Il est courant, dans la littérature consacrée aux évolutions actuelles de l’organisation de la production, de voir traiter simultanément les aspects proprement organisationnels et les aspects géographiques ou territoriaux. Le concept de « district », repris de Alfred Marshall, est la parfaite illustration de cette tendance : il désigne une forme particulière de territoire organisé (ou mieux, d’organisation territorialisée) dont beaucoup ont fait l’archétype des mutations contemporaines (105). On traitera séparément ces deux aspects en se réservant de n’aborder l’analyse spatiale qu’en quatrième partie, non seulement par souci de clarté, mais également par choix de ne pas mêler a priori des dimensions qui demeurent distinctes.

En effet, la dynamique de l’évolution des modes d’organisation de la production est à situer dans la crise du fordisme. Elle transite principalement à travers l’exigence nouvelle de flexibilité déjà largement évoquée. La recherche de cette flexibilité est l’objet des mutations organisationnelles actuelles du système productif. Dans ce squelette de schéma explicatif, les phénomènes de concentration ou d’éclatement spatial semblent plutôt seconds ; ils apparaissent davantage comme des conséquences de ces déterminants lourds que comme des causes. La géographie n’est pas la source de ses propres dynamiques. Les moteurs des transformations qui la façonnent lui sont exogènes. En outre, il paraît aujourd’hui avéré que les liens entre ce niveau géographique et celui des organisations ne sont pas de type mécaniste et linéaire : de la poursuite d’objectifs similaires en termes de flexibilité ne résulte pas systématiquement la même inscription territoriale.

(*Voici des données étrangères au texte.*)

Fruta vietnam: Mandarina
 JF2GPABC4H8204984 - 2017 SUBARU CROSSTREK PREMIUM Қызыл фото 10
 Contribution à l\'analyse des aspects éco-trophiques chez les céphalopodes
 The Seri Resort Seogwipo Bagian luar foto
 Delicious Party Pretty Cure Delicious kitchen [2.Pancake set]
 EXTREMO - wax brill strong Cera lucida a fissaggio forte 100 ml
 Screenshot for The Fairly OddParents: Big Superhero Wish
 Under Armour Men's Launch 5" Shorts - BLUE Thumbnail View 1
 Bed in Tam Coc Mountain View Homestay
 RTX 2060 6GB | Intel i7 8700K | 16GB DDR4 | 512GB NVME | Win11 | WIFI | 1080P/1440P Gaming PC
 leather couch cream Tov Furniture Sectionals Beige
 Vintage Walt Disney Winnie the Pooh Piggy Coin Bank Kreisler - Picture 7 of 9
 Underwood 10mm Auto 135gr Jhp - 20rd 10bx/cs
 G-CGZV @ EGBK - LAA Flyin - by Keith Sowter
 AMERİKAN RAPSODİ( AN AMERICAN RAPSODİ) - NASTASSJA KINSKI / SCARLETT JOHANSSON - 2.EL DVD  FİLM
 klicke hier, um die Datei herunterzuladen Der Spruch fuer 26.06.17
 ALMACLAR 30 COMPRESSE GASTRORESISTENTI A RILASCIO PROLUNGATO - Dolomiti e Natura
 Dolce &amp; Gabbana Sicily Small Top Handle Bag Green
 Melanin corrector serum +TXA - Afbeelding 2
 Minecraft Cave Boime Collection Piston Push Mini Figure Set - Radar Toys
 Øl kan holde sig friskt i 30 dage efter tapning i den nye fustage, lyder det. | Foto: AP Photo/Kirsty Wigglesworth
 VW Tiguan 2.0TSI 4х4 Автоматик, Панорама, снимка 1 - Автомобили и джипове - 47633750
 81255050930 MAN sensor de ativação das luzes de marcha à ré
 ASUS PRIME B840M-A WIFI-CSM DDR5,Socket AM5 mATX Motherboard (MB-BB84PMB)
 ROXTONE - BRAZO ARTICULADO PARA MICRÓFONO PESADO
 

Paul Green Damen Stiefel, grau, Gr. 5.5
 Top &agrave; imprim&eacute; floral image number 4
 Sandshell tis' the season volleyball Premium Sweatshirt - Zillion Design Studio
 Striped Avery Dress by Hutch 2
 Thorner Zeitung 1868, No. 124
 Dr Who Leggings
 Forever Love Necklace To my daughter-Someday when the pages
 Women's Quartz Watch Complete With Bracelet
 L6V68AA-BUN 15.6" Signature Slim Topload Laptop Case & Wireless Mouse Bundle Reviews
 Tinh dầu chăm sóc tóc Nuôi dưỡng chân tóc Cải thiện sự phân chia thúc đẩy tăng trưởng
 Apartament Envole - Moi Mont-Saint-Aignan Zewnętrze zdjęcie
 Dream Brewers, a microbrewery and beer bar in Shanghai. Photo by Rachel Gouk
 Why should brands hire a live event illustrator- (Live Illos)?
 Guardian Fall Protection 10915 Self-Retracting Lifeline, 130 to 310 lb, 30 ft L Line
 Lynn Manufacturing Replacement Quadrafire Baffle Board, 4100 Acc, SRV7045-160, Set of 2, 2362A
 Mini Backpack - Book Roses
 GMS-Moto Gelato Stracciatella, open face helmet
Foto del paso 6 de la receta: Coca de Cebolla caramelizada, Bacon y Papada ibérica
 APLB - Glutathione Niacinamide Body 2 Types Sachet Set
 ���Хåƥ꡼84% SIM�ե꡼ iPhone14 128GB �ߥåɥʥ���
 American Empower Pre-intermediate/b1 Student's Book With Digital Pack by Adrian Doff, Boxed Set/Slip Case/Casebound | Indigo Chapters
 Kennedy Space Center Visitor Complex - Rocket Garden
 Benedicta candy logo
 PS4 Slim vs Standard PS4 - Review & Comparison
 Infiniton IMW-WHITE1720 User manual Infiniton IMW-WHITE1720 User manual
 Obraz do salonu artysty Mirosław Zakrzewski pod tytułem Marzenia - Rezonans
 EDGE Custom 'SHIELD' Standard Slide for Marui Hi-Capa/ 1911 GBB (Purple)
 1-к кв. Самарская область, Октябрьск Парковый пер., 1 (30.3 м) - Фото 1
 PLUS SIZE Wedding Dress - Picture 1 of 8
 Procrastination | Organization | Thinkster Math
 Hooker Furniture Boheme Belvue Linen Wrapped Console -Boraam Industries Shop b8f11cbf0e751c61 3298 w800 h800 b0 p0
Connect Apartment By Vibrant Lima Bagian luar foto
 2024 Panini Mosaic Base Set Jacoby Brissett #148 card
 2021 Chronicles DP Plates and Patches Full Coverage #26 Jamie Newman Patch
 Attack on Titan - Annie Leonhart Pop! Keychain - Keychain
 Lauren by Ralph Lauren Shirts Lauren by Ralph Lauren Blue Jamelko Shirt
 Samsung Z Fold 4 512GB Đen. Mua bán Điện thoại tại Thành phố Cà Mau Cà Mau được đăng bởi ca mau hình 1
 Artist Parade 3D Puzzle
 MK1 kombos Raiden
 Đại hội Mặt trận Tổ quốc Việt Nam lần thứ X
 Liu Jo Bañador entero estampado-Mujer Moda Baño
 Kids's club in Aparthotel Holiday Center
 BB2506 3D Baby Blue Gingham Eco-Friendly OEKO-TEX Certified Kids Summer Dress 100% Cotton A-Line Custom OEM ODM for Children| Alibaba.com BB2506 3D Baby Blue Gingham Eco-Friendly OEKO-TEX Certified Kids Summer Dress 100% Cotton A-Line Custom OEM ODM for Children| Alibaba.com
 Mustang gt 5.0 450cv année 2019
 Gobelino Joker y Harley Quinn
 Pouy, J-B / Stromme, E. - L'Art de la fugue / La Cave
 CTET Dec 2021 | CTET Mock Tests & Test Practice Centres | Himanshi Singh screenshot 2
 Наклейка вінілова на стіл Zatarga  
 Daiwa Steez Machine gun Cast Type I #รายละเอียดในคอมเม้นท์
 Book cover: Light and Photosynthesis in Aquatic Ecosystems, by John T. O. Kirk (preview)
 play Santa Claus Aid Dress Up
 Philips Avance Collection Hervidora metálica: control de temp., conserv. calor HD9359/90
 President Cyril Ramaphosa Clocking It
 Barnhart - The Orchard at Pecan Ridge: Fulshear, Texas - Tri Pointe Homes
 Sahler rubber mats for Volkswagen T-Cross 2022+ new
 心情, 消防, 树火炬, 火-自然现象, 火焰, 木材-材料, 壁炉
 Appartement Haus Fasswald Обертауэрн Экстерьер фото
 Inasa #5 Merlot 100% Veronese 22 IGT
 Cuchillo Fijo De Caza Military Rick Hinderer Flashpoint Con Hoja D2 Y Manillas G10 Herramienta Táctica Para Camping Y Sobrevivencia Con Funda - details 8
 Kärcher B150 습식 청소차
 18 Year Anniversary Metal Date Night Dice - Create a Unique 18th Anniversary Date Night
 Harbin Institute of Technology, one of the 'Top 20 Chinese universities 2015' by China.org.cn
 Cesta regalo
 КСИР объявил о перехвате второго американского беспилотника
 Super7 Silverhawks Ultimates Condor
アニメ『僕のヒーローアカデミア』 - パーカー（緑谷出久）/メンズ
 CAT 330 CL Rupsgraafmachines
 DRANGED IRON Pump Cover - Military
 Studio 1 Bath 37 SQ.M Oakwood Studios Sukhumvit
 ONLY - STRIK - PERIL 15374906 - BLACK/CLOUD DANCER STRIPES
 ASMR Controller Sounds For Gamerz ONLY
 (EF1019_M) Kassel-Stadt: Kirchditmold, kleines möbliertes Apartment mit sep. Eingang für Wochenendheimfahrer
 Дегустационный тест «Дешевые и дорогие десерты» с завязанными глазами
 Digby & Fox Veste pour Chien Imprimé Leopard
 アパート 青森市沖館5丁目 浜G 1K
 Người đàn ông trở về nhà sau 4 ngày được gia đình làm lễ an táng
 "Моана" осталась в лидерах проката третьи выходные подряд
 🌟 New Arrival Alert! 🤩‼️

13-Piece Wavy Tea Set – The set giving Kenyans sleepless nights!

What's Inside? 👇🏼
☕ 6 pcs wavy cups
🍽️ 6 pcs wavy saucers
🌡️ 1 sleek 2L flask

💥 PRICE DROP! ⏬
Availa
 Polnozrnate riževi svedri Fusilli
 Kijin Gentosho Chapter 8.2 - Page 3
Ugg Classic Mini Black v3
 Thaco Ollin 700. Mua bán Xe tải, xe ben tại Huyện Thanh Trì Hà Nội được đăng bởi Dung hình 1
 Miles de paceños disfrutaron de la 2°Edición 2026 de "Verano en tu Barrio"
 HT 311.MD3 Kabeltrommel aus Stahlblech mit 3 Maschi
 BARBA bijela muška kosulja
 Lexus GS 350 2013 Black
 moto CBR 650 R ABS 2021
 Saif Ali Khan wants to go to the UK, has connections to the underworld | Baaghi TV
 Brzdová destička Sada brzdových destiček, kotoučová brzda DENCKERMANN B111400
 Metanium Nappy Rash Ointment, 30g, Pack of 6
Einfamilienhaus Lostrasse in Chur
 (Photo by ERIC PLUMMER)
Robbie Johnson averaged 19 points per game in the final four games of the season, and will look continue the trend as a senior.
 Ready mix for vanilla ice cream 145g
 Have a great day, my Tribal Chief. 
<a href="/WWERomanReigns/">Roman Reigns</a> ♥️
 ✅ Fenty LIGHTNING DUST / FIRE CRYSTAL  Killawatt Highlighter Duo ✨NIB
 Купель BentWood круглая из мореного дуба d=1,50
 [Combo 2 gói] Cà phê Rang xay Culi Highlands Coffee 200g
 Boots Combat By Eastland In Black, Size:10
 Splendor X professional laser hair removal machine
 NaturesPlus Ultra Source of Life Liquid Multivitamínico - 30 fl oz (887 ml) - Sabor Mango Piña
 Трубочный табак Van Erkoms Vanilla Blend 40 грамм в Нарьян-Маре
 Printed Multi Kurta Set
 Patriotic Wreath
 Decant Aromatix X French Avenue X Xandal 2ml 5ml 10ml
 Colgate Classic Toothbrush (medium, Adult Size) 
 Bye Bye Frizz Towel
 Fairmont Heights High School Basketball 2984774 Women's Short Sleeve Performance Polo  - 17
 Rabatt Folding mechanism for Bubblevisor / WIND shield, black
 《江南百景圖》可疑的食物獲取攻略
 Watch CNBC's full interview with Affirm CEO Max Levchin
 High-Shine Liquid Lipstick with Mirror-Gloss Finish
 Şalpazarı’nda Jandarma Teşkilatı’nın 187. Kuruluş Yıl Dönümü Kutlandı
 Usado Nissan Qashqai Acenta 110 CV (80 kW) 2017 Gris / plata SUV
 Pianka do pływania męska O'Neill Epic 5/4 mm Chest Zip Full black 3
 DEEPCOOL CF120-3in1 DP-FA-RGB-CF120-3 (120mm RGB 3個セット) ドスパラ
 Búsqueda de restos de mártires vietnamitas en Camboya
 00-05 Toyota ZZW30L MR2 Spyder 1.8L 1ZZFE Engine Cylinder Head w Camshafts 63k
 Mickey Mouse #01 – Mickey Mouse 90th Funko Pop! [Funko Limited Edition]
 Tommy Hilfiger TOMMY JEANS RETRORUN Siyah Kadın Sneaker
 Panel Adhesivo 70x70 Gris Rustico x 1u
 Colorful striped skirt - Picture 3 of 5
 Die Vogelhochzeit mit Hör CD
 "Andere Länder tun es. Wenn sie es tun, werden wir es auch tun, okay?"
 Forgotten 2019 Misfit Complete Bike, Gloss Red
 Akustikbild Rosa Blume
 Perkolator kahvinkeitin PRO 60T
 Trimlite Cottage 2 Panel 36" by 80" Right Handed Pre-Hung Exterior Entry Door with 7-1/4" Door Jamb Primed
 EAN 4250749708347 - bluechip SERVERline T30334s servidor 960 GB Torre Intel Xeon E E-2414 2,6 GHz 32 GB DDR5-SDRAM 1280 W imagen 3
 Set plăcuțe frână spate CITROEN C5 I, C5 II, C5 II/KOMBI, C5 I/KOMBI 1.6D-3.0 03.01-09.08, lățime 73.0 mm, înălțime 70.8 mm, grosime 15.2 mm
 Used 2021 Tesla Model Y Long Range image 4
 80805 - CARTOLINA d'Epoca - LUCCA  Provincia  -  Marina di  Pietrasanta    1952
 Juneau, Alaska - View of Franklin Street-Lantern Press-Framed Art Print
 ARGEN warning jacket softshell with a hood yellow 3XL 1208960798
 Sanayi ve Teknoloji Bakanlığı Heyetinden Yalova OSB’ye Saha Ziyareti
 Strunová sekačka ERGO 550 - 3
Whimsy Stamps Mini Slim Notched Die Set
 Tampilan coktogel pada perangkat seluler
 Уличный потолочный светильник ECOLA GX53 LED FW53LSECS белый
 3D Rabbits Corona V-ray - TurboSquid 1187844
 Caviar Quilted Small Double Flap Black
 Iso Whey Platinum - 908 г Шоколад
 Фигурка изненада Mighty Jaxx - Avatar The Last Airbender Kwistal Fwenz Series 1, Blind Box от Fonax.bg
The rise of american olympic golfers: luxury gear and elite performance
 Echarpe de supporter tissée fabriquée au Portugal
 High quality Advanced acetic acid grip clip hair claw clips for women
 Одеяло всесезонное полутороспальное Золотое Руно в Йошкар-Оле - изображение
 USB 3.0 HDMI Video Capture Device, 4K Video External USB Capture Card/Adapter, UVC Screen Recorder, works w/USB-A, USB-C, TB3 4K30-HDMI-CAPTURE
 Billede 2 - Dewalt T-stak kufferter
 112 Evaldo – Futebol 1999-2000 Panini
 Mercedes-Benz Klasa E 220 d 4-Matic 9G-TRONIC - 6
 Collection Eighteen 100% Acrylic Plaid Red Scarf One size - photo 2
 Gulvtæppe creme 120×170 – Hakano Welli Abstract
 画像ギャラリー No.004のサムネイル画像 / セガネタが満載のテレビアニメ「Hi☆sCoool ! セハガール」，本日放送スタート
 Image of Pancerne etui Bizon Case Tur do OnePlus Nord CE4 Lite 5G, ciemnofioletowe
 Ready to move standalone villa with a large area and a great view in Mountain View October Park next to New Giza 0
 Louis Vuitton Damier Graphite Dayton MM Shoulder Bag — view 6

Cette manière de considérer un espace économique en dehors de sa géographie physique n’est évidemment pas nouvelle. François Perroux visait explicitement cet objectif en proposant les définitions de trois représentations de l’espace économique : « l’espace économique comme contenu de plan », constitué des relations tissées par chaque unité économique avec ses fournisseurs et ses clients, « l’espace économique comme champ de force » rendant compte de l’asymétrie de ces relations et « l’espace économique comme ensemble homogène » décrivant les convergences de structures de prix des différentes unités (Perroux, 1991, pp. 159-175). La démarche théorique et quantitative de l’économiste français ne sera pas suivie ici. Sa dénonciation de l’obsession de l’espace banal encourage néanmoins à considérer séparément un espace de relations entre agents ou unités économiques.

De la même manière, dans un article très dense, Nicole May invite à dissocier l’espace géographique de l’espace social en ce qui concerne les relations interpersonnelles liées à l’activité professionnelle (May, 1990). Elle souligne que la proximité physique n’est pas à la base de la constitution d’un « milieu » ou d’un district. Une telle communauté est fondée par les appartenances sociales qui lient l’ensemble de ses agents. Pour confirmer son propos, elle indique l’existence de réseaux de relations « informelles » ou « personnelles » spatialement éclatés. Le raccourci qui consiste à associer trop rapidement proximité sociale et localisation géographique commune apparaît alors réducteur et porteur d’incohérences. On y reviendra plus longuement dans la partie suivante.

Cette partie-ci demeurera volontairement a-spatiale pour éviter de rester trop a-sociale. Elle est constituée de deux chapitres. Le chapitre 6 donnera tout d’abord une lecture des évolutions du système productif en termes organisationnels. Il n’y sera donc pas question de TGV. C’est au chapitre 7 que reviendra la charge d’établir une liaison entre la structure productive mise à jour et l’usage de la grande vitesse dans le cadre de déplacements à motif professionnel. On y parviendra en précisant les « temps sociaux » qui structurent la société contemporaine.

Notes
105.

)011Parmi l’abondante production portant sur la « troisième Italie », les districts technologiques, etc., l’ouvrage collectif dirigé par Georges Benko et Alain Lipietz (1992a), Les régions qui gagnent, présente une intéressante synthèse des débats sur ce thème : quatre articles pour présenter, selon l’intitulé de la première partie, « l’hypothèse des districts industriels », trois autres pour affirmer que « les districts ne sont pas seuls au monde », et enfin cinq contributions pour « élargir la problématique ».